Using the entries below, quote exactly the span of lines that begins with the line containing "Blackneck, Lygephila pastinum" and ends with the final line.

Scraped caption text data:
========

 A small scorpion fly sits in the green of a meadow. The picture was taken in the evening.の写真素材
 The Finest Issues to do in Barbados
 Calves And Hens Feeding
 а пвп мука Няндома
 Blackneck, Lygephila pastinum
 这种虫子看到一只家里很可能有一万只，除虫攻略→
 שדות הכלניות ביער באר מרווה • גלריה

========

## Reply to the task
 Blackneck, Lygephila pastinum
 这种虫子看到一只家里很可能有一万只，除虫攻略→
 שדות הכלניות ביער באר מרווה • גלריה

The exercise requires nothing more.